◆ Your goal: Print the entries that appear below, exactly as written and without their pictures.

☆ ☆ ☆ ☆

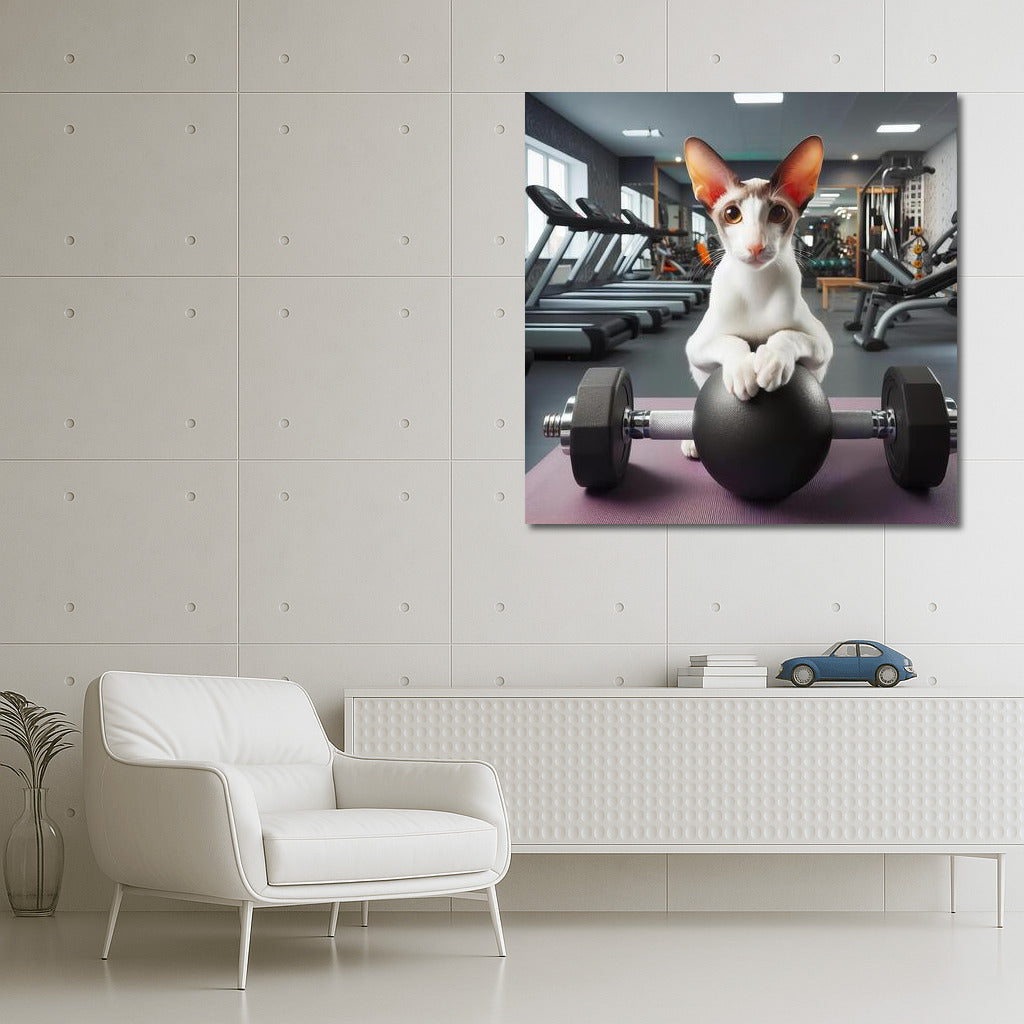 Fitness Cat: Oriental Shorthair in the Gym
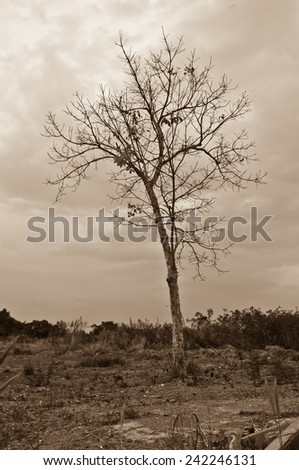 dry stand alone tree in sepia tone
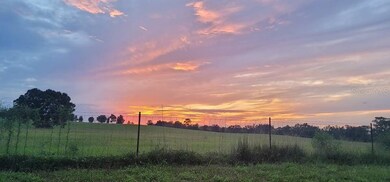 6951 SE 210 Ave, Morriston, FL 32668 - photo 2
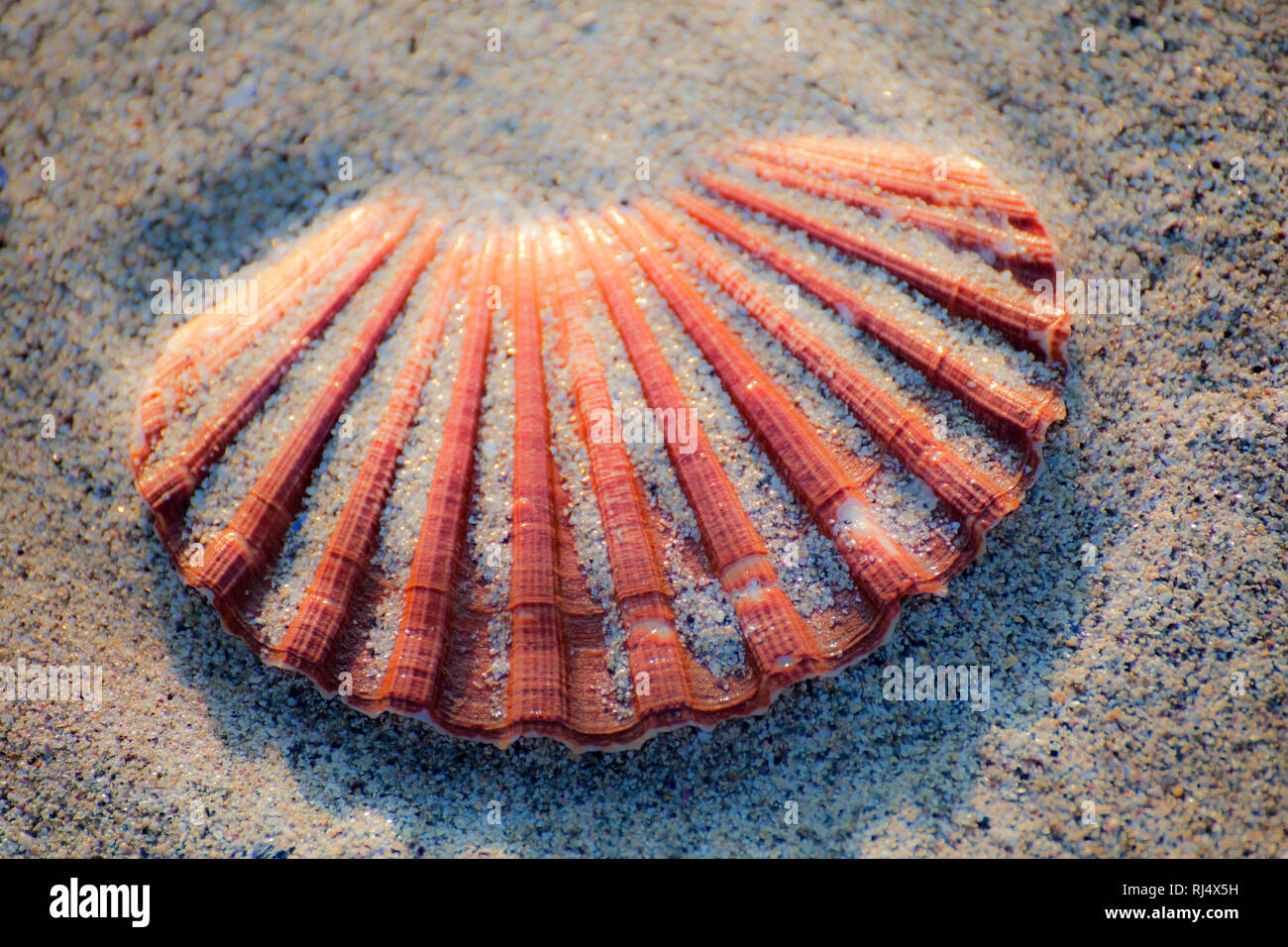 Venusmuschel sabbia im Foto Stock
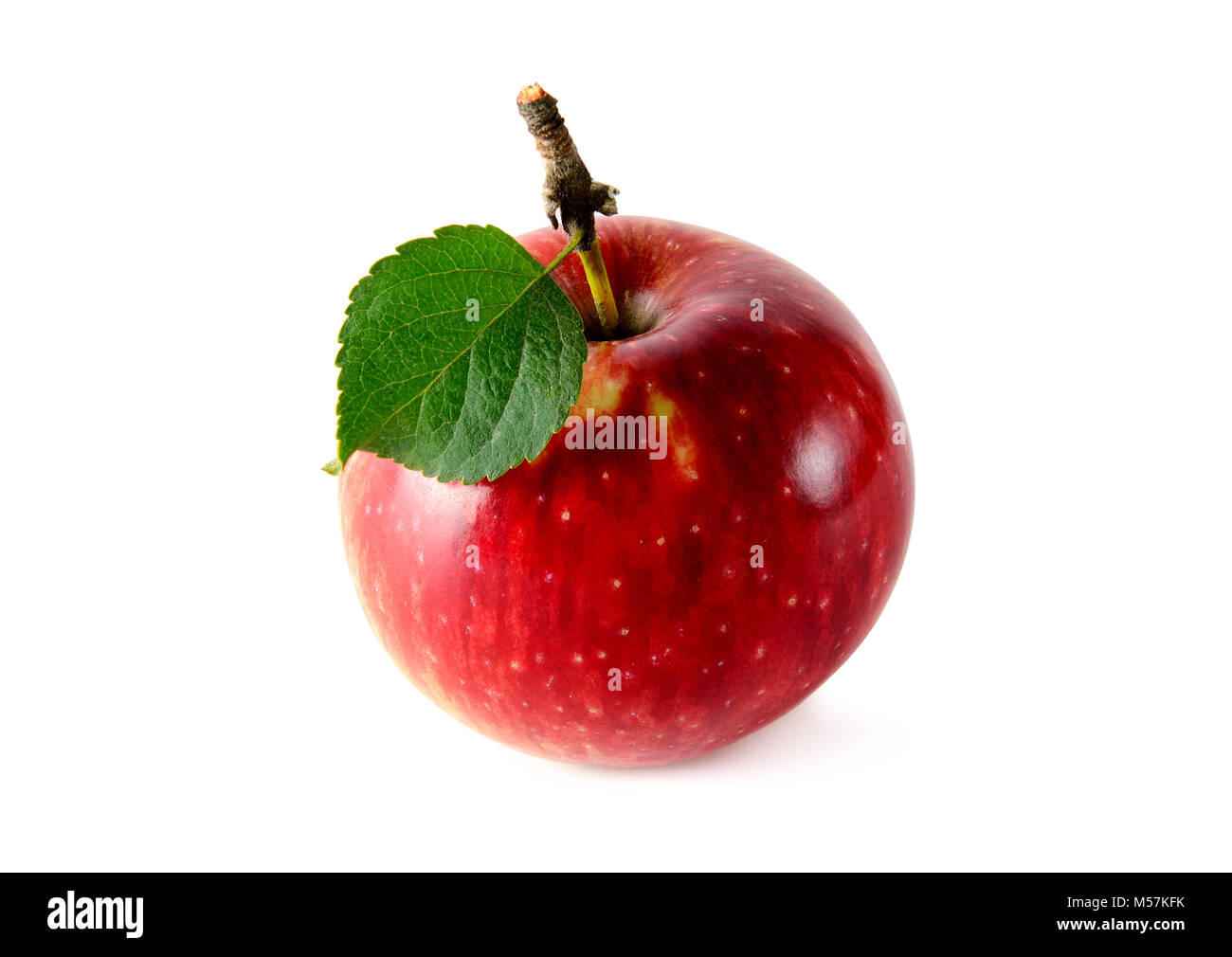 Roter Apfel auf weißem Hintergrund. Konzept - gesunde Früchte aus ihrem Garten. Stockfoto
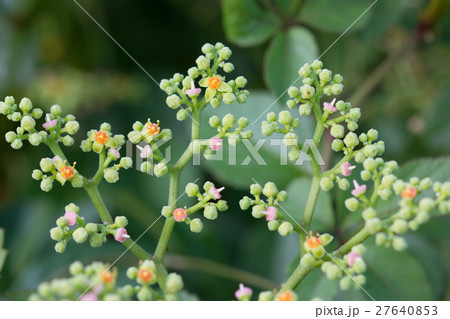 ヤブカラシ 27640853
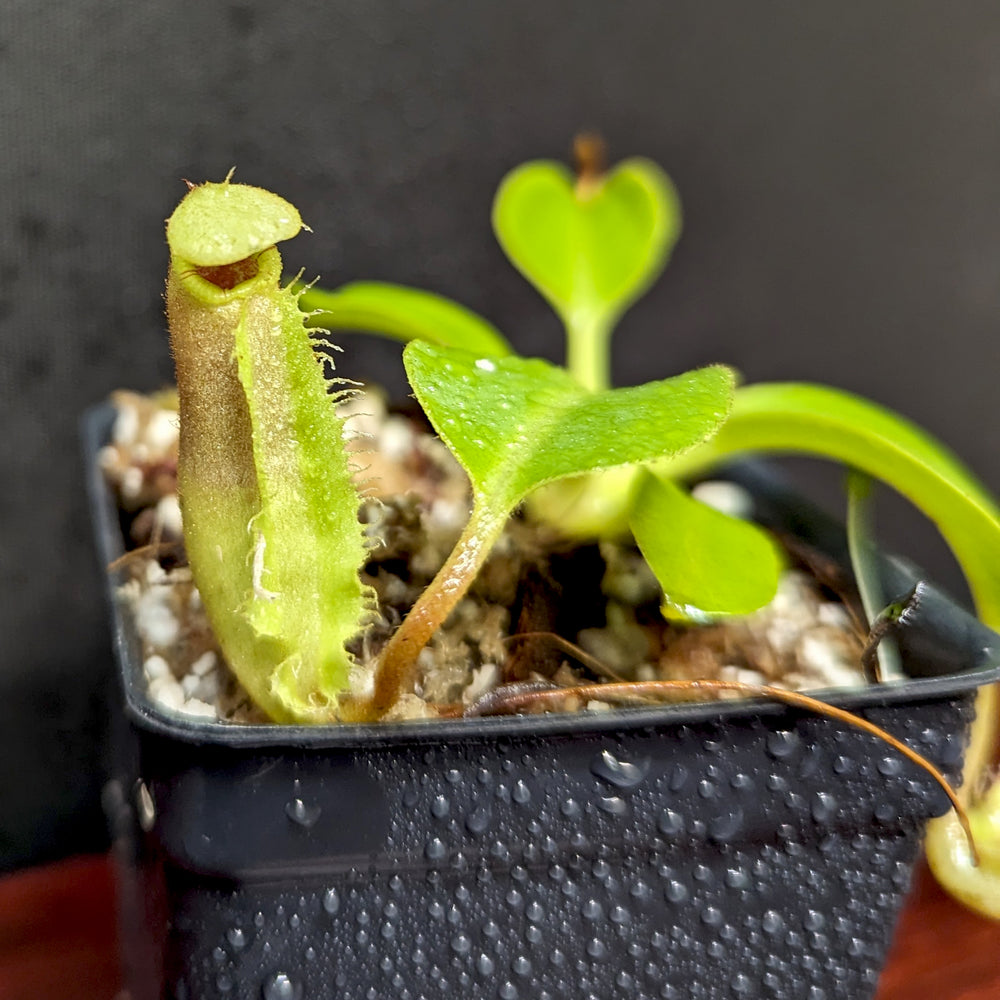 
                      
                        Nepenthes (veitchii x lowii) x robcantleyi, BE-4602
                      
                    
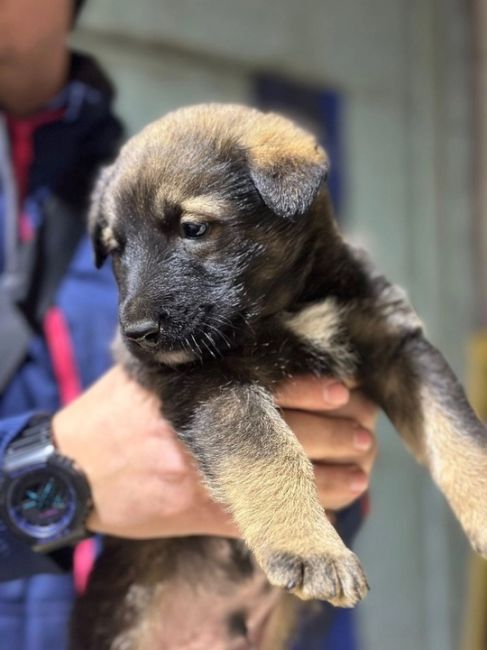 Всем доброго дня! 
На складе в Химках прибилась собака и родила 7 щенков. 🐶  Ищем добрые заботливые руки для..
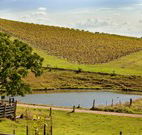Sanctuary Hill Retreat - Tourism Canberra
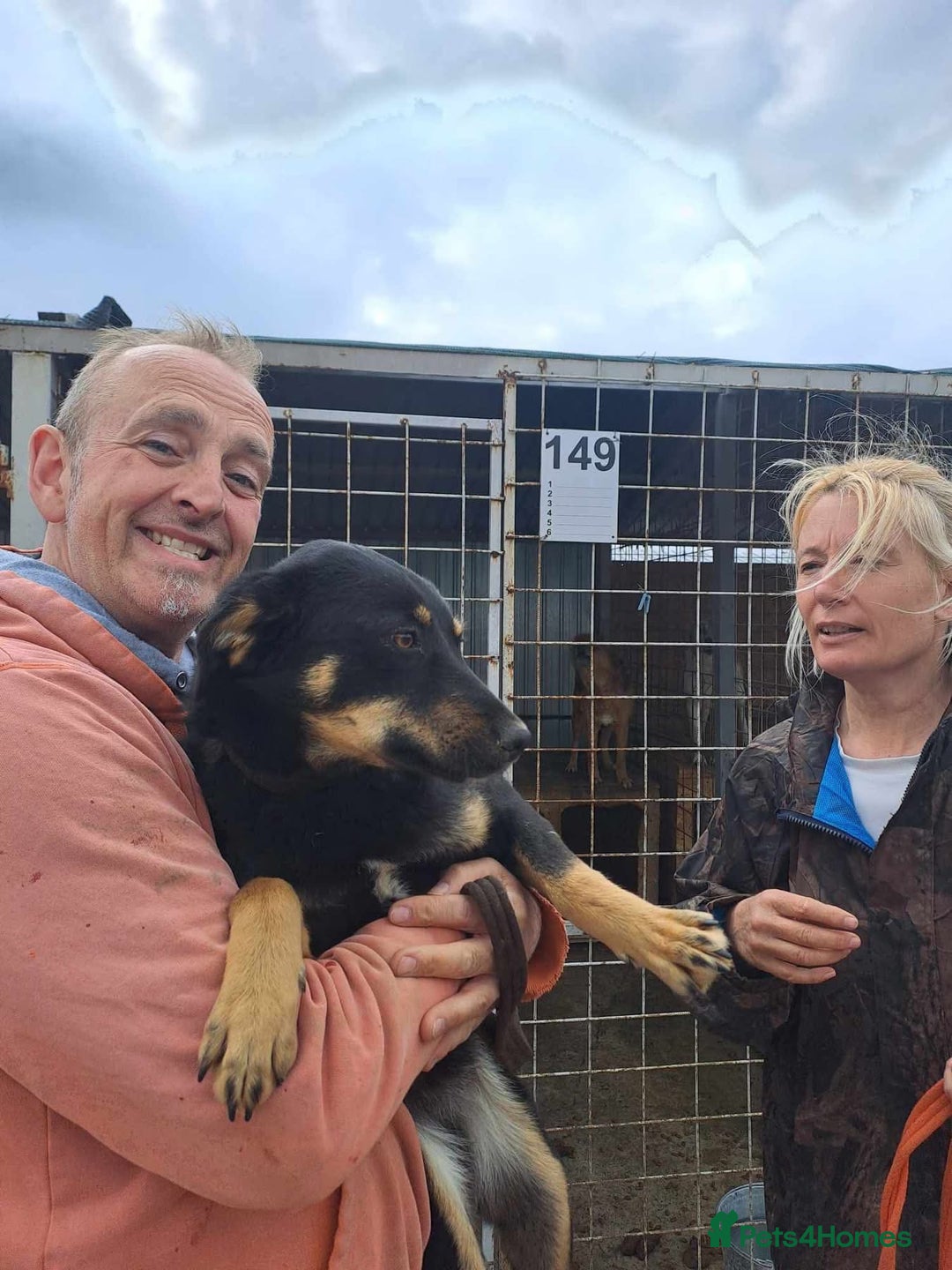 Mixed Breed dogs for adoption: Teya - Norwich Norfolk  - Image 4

☆ ☆ ☆ ☆

◆ Answer to the exercise:
 Fitness Cat: Oriental Shorthair in the Gym
 dry stand alone tree in sepia tone
 6951 SE 210 Ave, Morriston, FL 32668 - photo 2
 Venusmuschel sabbia im Foto Stock
 Roter Apfel auf weißem Hintergrund. Konzept - gesunde Früchte aus ihrem Garten. Stockfoto
 ヤブカラシ 27640853
                      
                        Nepenthes (veitchii x lowii) x robcantleyi, BE-4602
                      
                    
 Всем доброго дня! 
На складе в Химках прибилась собака и родила 7 щенков. 🐶  Ищем добрые заботливые руки для..
Sanctuary Hill Retreat - Tourism Canberra
 Mixed Breed dogs for adoption: Teya - Norwich Norfolk  - Image 4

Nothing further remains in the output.